Symbolical Books

Symbolical Books This title designates the public confessions of faith of the different Christian churches or denominations; in other words, the writings in which an ecclesiastical communion publishes to the world the tenets that bind together its members and distinguish it from other communions of believers or unbelievers. For the idea of a symbol we refer to the article SYMBOLICS SEE SYMBOLICS .

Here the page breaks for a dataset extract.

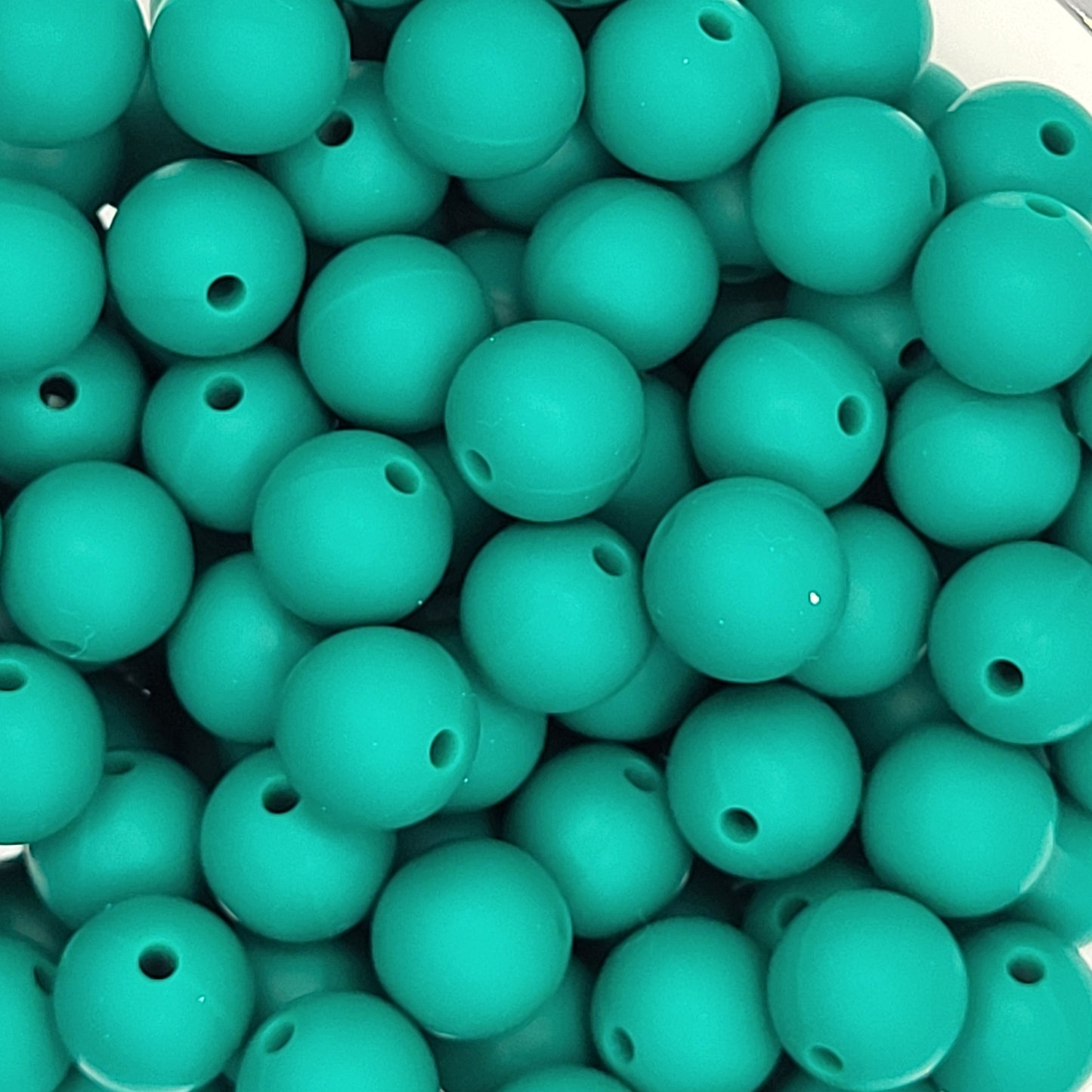 Deep Green 12mm Solid Silicone Beads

The only symbol which finds universal acceptance in the Church is the Apostles Creed. As the Church creed κατ᾿ ἐξοχήν, it is distinguished from the Scriptures upon which it is based, but also, on the other hand, from the private writings and confessions of the teachers of the Church,-however greatly the latter may be esteemed. The later symbolical books differ from the briefer symbolical formulas, which alone served the purposes of the Church before the Reformation, in being more extensive and detailed, and in constituting the confessions of particular churches only (symbola particularia), while the great creeds (Apostles, Nicene, Athanasian) have ecumenical value. The phrase Libri Symbolici originated in the Lutheran Church, and was-first applied to its own confessional writings when they appeared in. the Book of Concord; but its use extended, and has long been current in all the churches and sects of Christendom.

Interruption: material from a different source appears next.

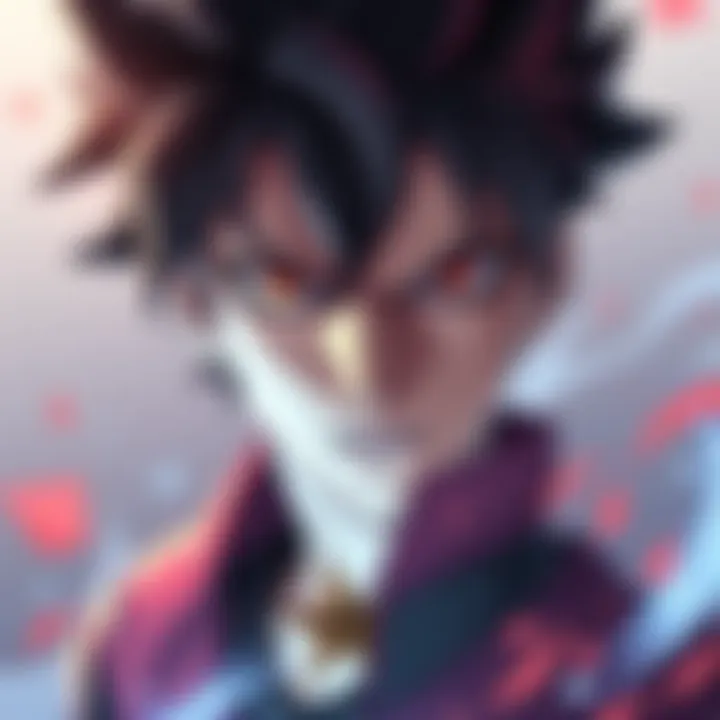 A dynamic fanart of Hiei showcasing his fierce expression and distinct features.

Considerable diversity of opinion has existed with reference to the importance and value of symbolical writings. The Church of Rome regards the symbol as the immovable and unchangeable rule of faith, and therefore as the binding norm of doctrine. This does not, according to Thomas Aquinas (Summa Theol. 2, 2, 1, 9), detract from the supreme authority of the Scriptures, because the symbol is merely an extract from Scripture. In substance there is but one symbol; each additional formula is simply an exposition and closer determination of the original creed. Variations are to be understood as different aspects of the truth, assumed in view of the varying oppositions it has to encounter. The Church is accordingly competent to formulate a new symbol for the exposition of the truth, though not to set aside, or even to alter, the traditional creed (Thom. Aquinas, ut sup.).

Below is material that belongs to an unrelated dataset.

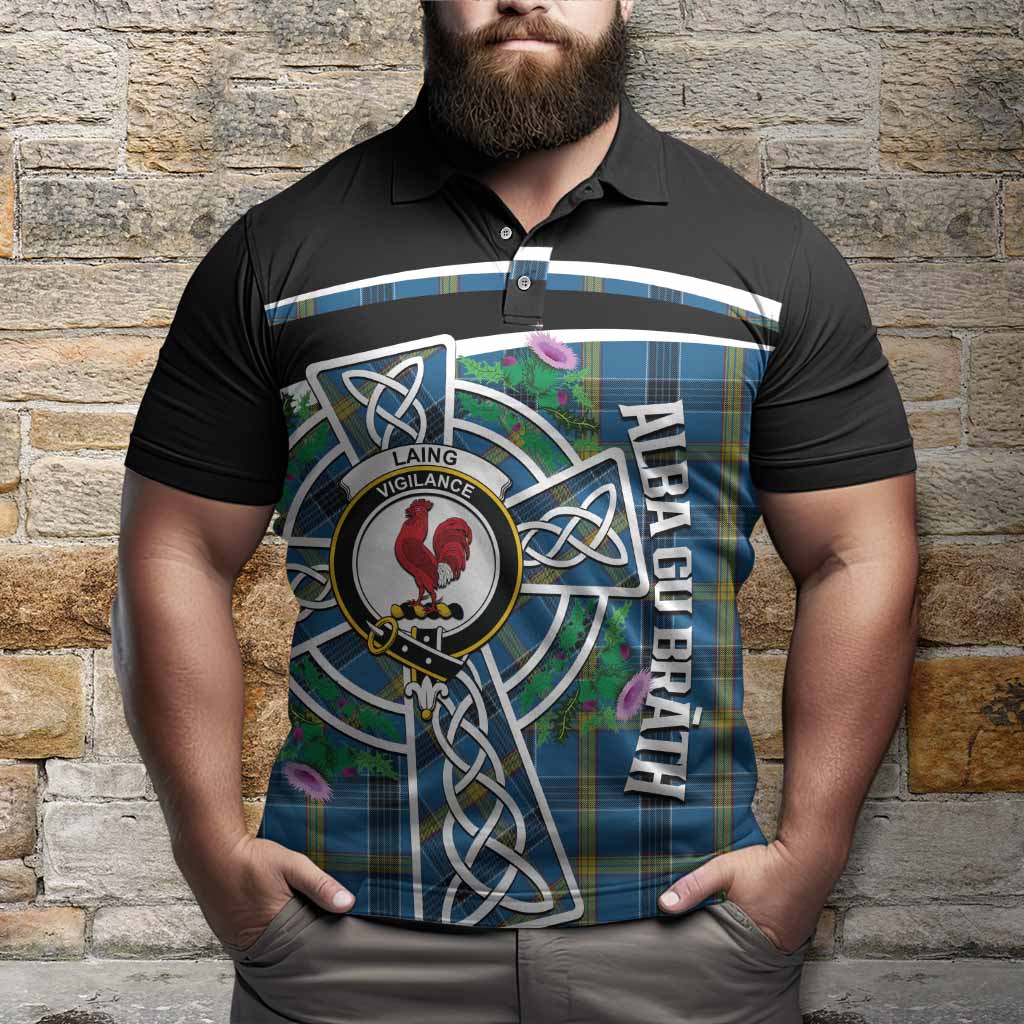 Laing Tartan Crest Polo Shirt Scottish Thistle Celtic Cross Alba Gu Brath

The Church of the Reformation asserted the sole authority of Holy Scripture in matters of doctrine; and although it received the ecumenical symbols, it determined their character as being testimonia fidei simply, i.e. testimonies certifying the understanding of the Word of God current in the Church at a given time. The worth of confessions is accordingly made to depend on their agreement with the Scriptures, and they may be altered and improved. The author of the Augustana repeatedly undertook a thorough revision of his work; Luther did the same with the Smalcald Articles; and the evangelical estates not only approved of Melancthon's Variata, but in 1537 directed their theologians at the Convention of Smalcald to revise the confession. The beginnings of an obligatory support of the confession are, however, apparent at an early day. Subscription to the Augsburg

Confession was occasionally required during the fourth decade of the 16th century, and in 1533 the theological faculty of Wittenberg were required by statute to teach sound doctrine as contained in the ancient creeds and the Augsburg Confession. A growing disposition to insist on uniformity of teaching became manifest, and it was this which gave rise to the Osiandrian Controversies (q.v.). In the middle of the 16th century the various corpora doctrinae began to appear in 1560 the Corpus Doctr. Philippicun; in 1561 the C. D. Pomeranicum; in 1567 the C. D. Pruthenicum, etc. The conclusion was made in 1576 with the Formula of Concord (q.v.), and this names the writings to which symbolical authority is given by reason of a unanimous approval of their teachings, and is itself included among them. A rigid subscription was demanded in the countries where these writings were received by the civil government. The dispute with Calixtus (q.v.) led the Lutheran theologians to postulate a mediate inspiration, and consequently a divine authority, for the symbolical books; but the distinction between the canon of Scripture and such standards is nevertheless constantly preserved in word, if not always in fact. In reality, the symbolical books were regarded as a κανὼν τῆς πίστεως throughout the 17th century side by side with the Scriptures, inasmuch as the faith was grounded directly on the symbol rather than on the Bible.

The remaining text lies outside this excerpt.